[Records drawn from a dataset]
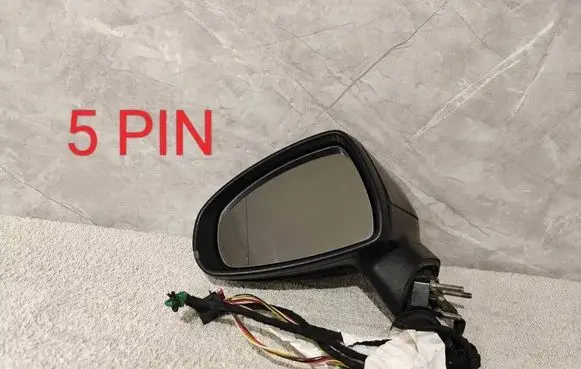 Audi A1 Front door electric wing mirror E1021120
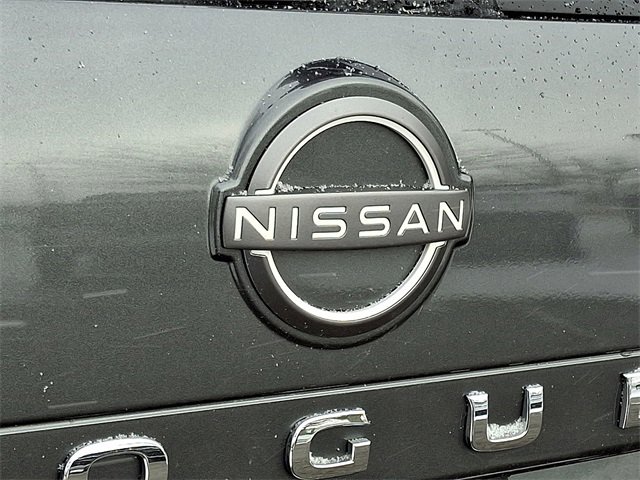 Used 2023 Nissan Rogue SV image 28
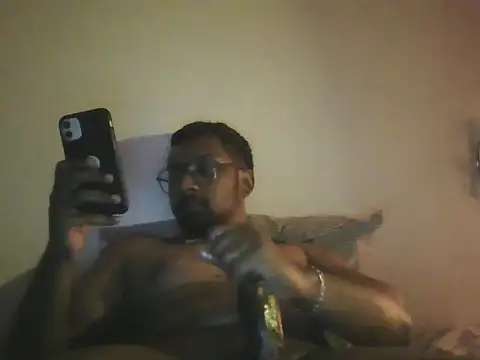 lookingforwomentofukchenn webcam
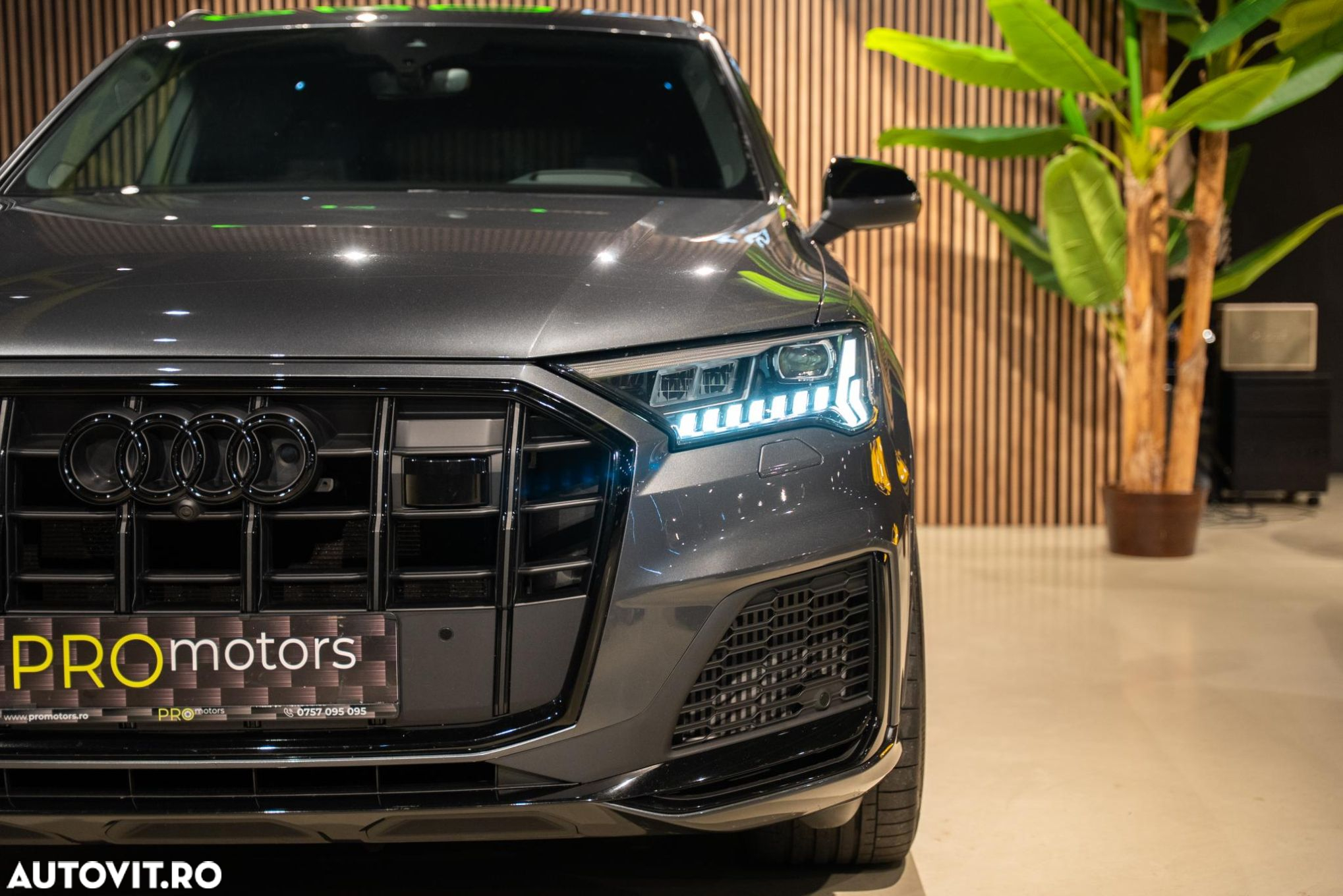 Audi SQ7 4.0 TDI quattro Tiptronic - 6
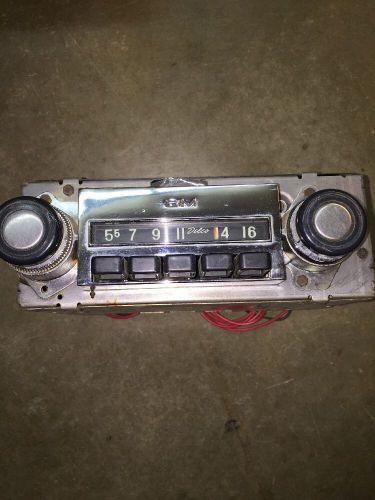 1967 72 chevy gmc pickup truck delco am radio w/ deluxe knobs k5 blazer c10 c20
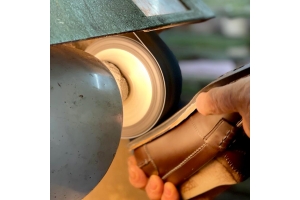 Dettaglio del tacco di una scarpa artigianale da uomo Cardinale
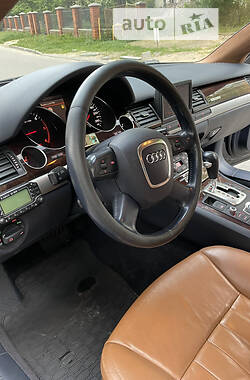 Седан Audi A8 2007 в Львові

Task to carry out — Reproduce the data exactly, please, and omit its pictures.

Response area —
 Audi A1 Front door electric wing mirror E1021120
 Used 2023 Nissan Rogue SV image 28
 lookingforwomentofukchenn webcam
 Audi SQ7 4.0 TDI quattro Tiptronic - 6
 1967 72 chevy gmc pickup truck delco am radio w/ deluxe knobs k5 blazer c10 c20
 Dettaglio del tacco di una scarpa artigianale da uomo Cardinale
 Седан Audi A8 2007 в Львові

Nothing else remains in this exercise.